[Work order]:
All that should come back is the lines of the data below from the one containing "journee collection HARLOWE" to the one containing "Mini Breaking Saves", inclusive, exactly as they stand.

[Information shown]:

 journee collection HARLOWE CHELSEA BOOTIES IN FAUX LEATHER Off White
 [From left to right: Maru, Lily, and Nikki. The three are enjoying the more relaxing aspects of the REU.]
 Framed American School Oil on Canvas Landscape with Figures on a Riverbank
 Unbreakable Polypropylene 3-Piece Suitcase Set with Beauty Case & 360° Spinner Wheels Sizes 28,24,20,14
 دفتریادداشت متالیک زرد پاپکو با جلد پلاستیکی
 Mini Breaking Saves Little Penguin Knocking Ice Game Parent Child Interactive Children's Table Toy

==

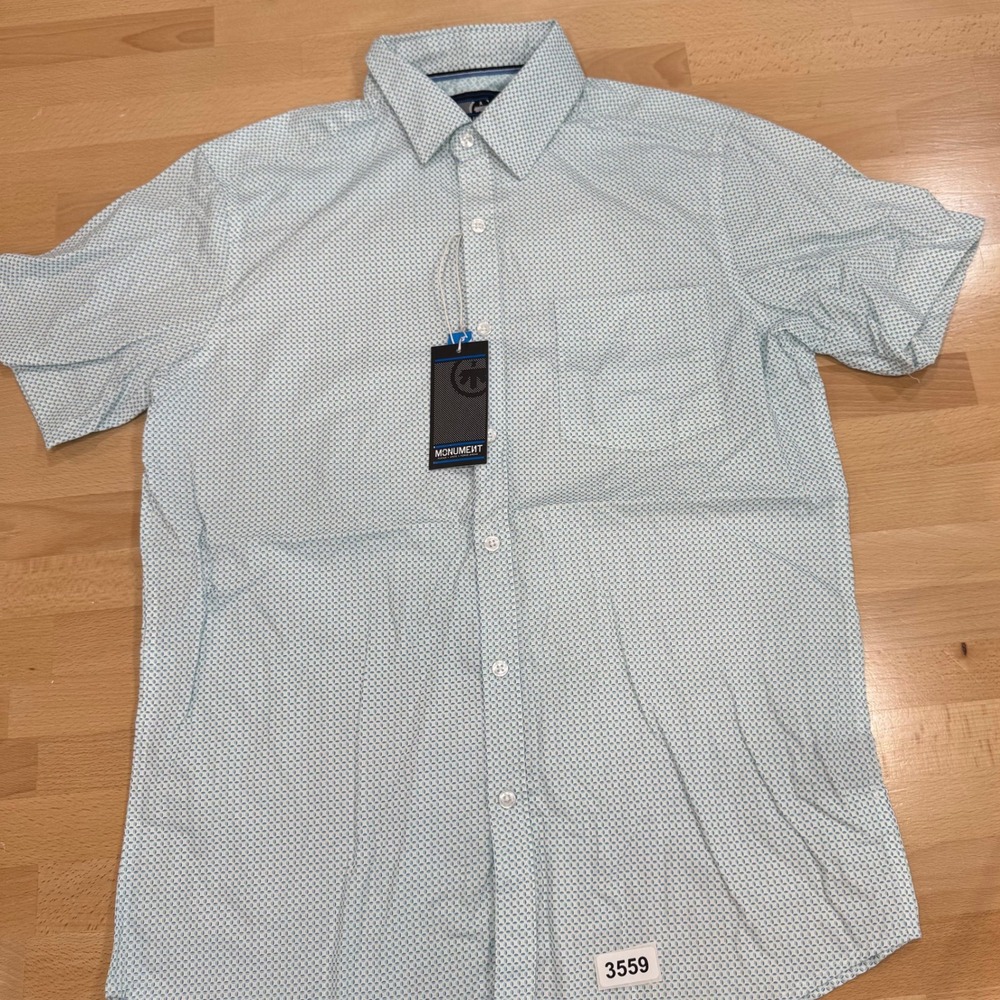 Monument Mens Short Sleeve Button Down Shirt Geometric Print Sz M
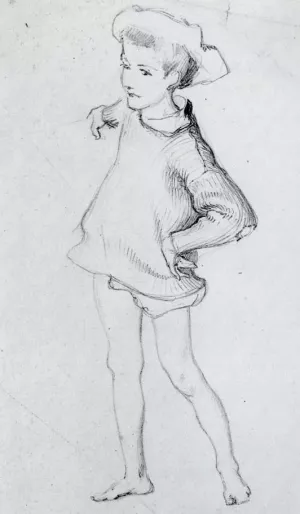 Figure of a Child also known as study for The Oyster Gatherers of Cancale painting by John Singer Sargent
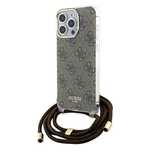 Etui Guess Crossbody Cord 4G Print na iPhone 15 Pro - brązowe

* * *

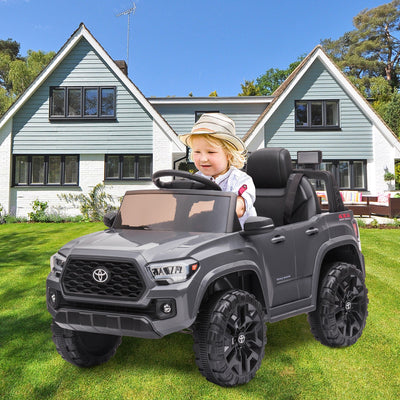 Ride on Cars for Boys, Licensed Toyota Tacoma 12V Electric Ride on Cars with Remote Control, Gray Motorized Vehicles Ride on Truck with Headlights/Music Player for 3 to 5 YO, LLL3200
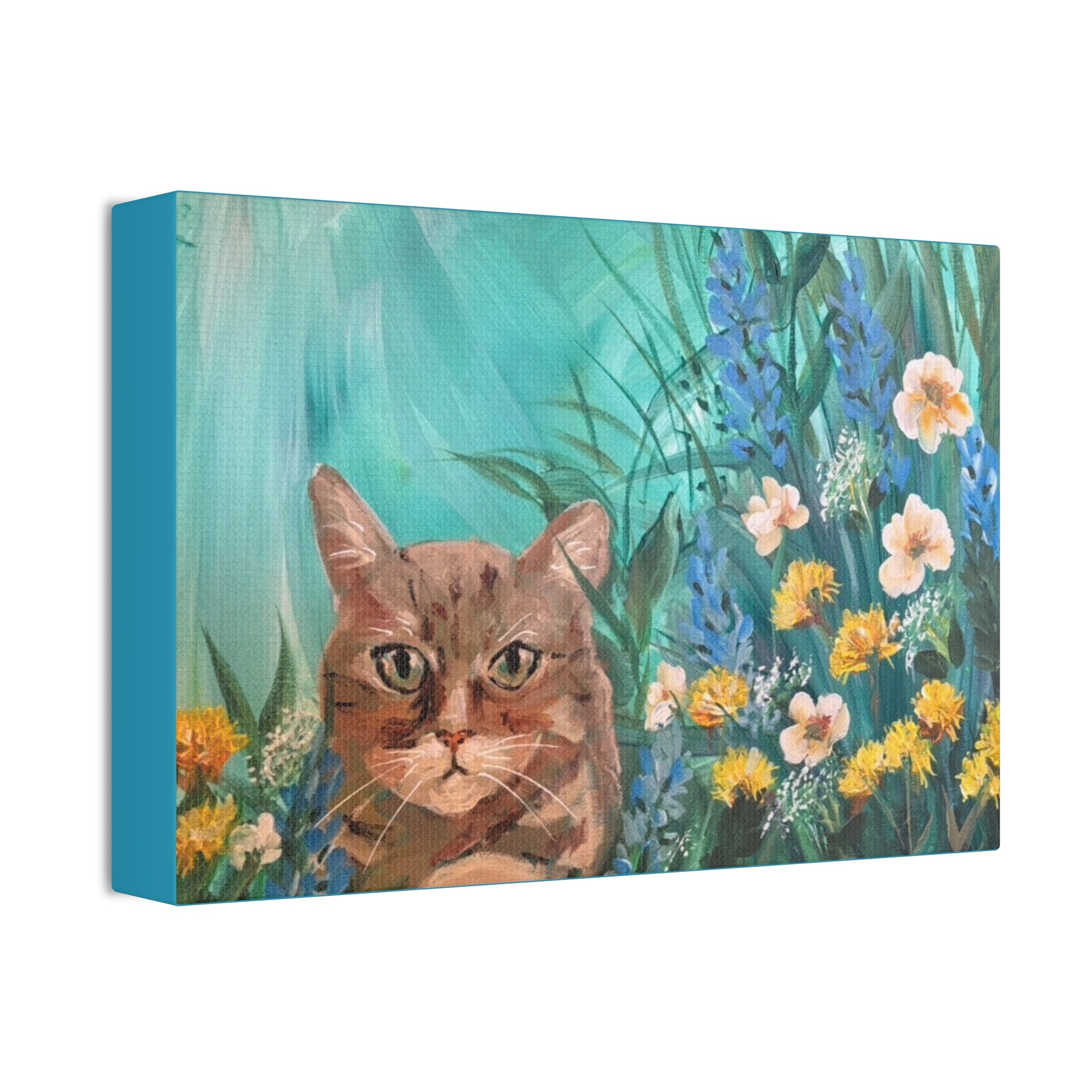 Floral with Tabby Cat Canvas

[Written reply]:
 journee collection HARLOWE CHELSEA BOOTIES IN FAUX LEATHER Off White
 [From left to right: Maru, Lily, and Nikki. The three are enjoying the more relaxing aspects of the REU.]
 Framed American School Oil on Canvas Landscape with Figures on a Riverbank
 Unbreakable Polypropylene 3-Piece Suitcase Set with Beauty Case & 360° Spinner Wheels Sizes 28,24,20,14
 دفتریادداشت متالیک زرد پاپکو با جلد پلاستیکی
 Mini Breaking Saves Little Penguin Knocking Ice Game Parent Child Interactive Children's Table Toy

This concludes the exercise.